Sir, can any candid and intelligent men be found in the Legislature, or out of it, who will not admit that at least a majority of these objections to the Constitution are valid and important, as such? The people of other States have deemed it necessary to call conventions, and revise and change their constitutions, when not one quarter of the objections could be fairly stated against them which all must admit to exist against ours. have not stated numerous objections, which I believe radical and important; and doubtless some of those which I have deemed to be objections, others may be ready to defend. But it does seem to me wholly impossible for any one to honestly,

I

candidly, and thoroughly investigate the subject, without being forced to admit that there are a great number of important defects in various parts of the Constitution, which require change and amendment; and that the least thing we can do, as legislators, if we care one straw about the views of the people, or the interests of this country, will be to submit the question to the people, for their superior advice and direction.

Now, sir, after the lapse of more than six years, under this Constitution, the first that was adopted in this country, and which we have found, by experience, to be full of defects, it seems to me it is high time for us to attempt its necessary amendment, in order that our people may enjoy the advantages of a government adapted to their real condition.

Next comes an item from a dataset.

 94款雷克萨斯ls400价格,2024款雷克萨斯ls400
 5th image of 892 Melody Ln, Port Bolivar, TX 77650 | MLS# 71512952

Sir, I do not believe there is one respectable citizen of California, here or elsewhere, who does not sincerely desire a thorough and complete reformation in our public affairs. But what cause, what propriety, what reason, is there for attempting a reformation, without commencing at the very place from whence nearly all our public evils flow? For my part, I have long and earnestly devoted myself to this subject with all the feeble powers which I possess, and with an earnest wish to hit upon some expedient for reforming our errors and removing our grievances, without any revision or change of the Constitution, except such as the Legislature ought to attempt. But, sir, it is in vain. The necessities of this country absolutely demand an entire revision and change of this Constitution. And I confidently believe that it is idle and useless to hope for the infinite blessings of a good government in this State, until a new Constitution shall be adopted.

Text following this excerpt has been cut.